Vreemd genoeg was het ook de school waar ik twee jaar heb rondgelopen en mijn diploma heb gehaald, al was dit ook voor mij een primeur gisterenavond, want bij mijn eigen diploma uitreiking ben ik niet geweest.
Want als ik wel was gegaan was ik niet zo op mijn gemak geweest als hij, en al zeker niet trots. Logisch, want het was ook niet mijn school.
“Mijn” school bestaat helemaal niet meer, want het behalen van dat diploma heb ik in twee vreemde etappes gedaan, waardoor ik de school die ik mijn school zou kunnen noemen dus nooit heb afgemaakt. En wat was ik blij dat ik van die school af mocht! Maar toch vond ik het wel jammer niet meer in dat gebouw rond te lopen, zo’n echte schoolschool. Met een marmeren trap (veel te uitgesleten en glad waardoor het in de winter echt oppassen was om er niet ter algeheel vermaak weer af te vallen) en een echt semi-oud grieks beeld zonder armen in de gang (die in de loop der jaren al nagellak op haar tenen had gekregen en die in de winter altijd alle verloren mutsen en sjaals droeg).
Dat stomme, gehate, gevreesde, geliefde, getergde oude gebouw, waarin ik mijn eerste onvoldoende haalde, waarin ik voor het eerst verliefd rondliep. Waarin ik kwam als heel klein meisje van 12 met mijn netjes-gekafte boeken en de voorgeschreven, naar mijn zin véél te grote, agenda.
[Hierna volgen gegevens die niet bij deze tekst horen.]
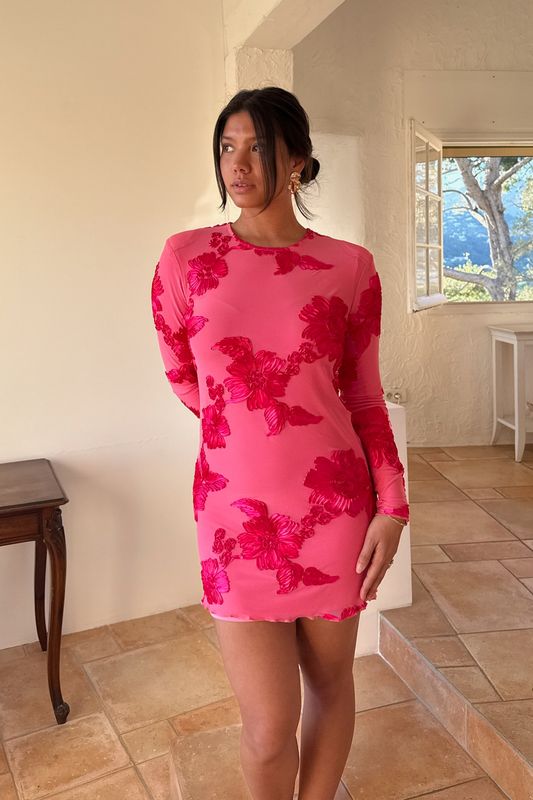 Malou Mesh Dress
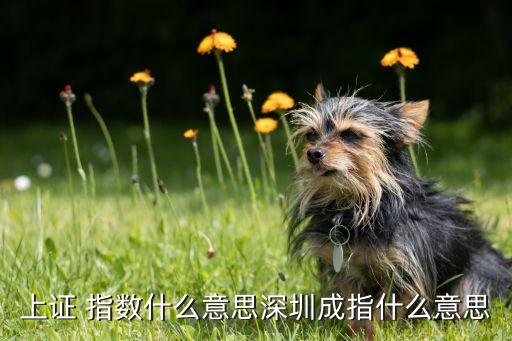 上證 指數什么意思深圳成指什么意思
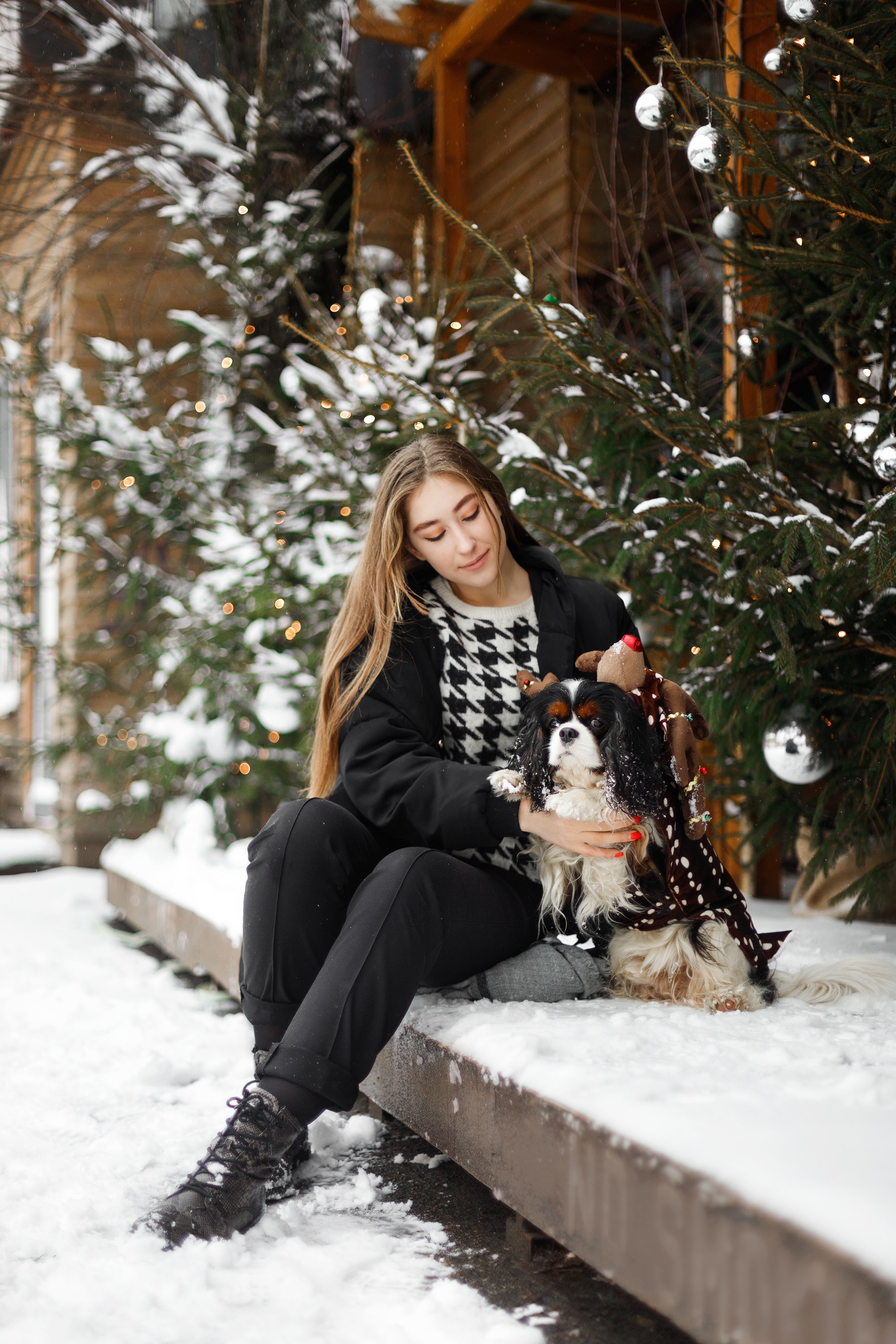 Uliana & winter spaniels. Kaja | fotograf psów we Wrocławiu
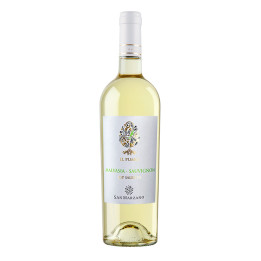 Sauvignon e Malvasia IGP Salento Il Pumo – San Marzano
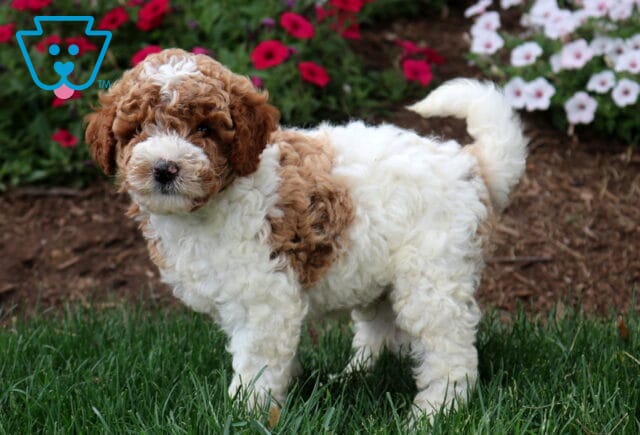 Toby Mini Labradoodle2 image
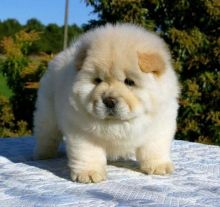 2 CKc Registered Chow Puppies Champion Sired *** text (437) 370-5674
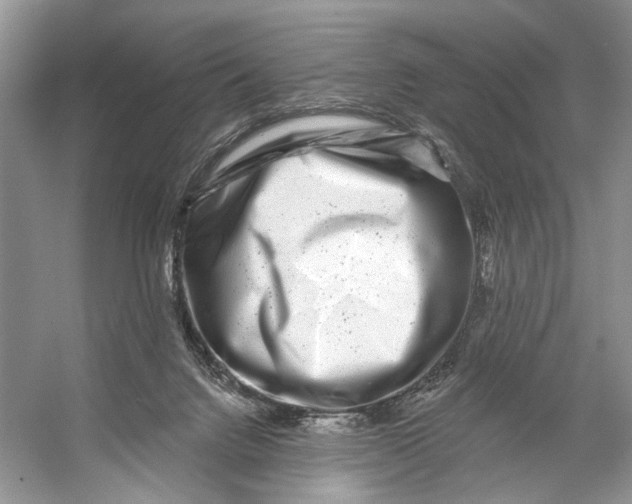 X0000053120072200508081303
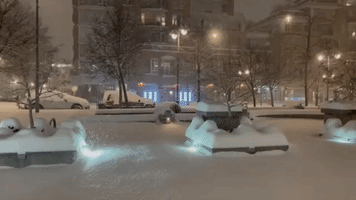 Snow Covers Victoria as Extreme Winter Weather Grips British Columbia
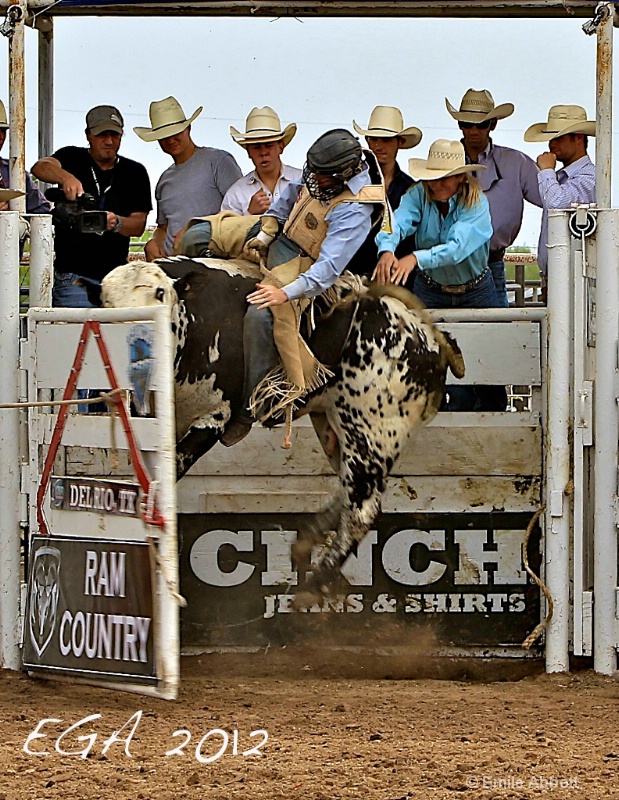 High bucking in the chute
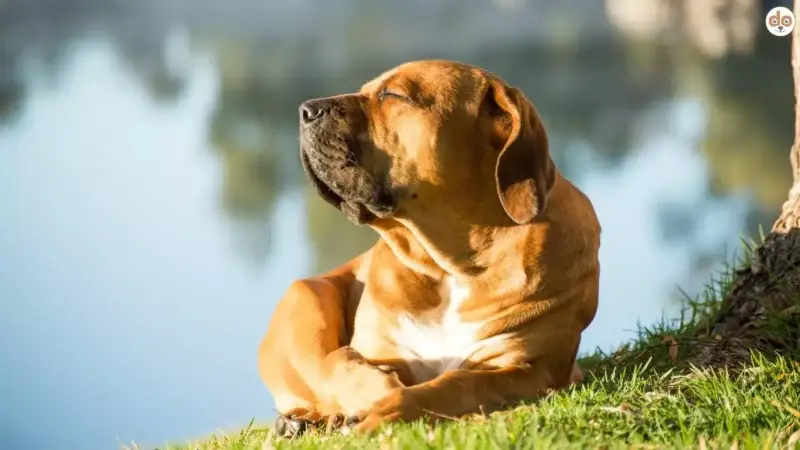 Warum Hunde das Sonnenbaden so lieben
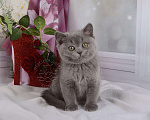 Кошки в Мурином: Британский котик голубого окраса (генетически тиккирован) Мальчик, 30 000 руб. - фото 4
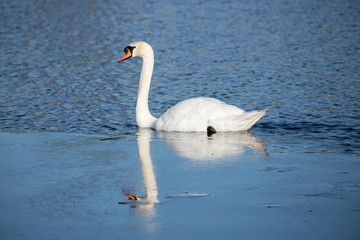 Fototapeta premium Reflected in ice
Waar ik wegging als, iets groter, meisje van 16.
Met nog veel grotere dromen in mijn hoofd, waarin die school niets meer was dan een belemmering. De gangen stonden me tegen. De lokalen vervulden me met haat, de aula was een plek van walging. Het allerergste waren toch wel de ramen.
Hoe vaak wel niet zat ik tijdens een les met zo veel verlangen naar buiten te kijken en te denken; als er nu iemand komt die ik ken, die voor het raam gaat staan en roept “Ga mee!”, dan ga ik! Dan ga ik verdomme recht uit het raam en dan hebben ze allemaal het nakijken!
Maar natuurlijk kwam er nooit iemand, en waarom voor jezelf al die moeite doen met ramen, spijbelen en taken.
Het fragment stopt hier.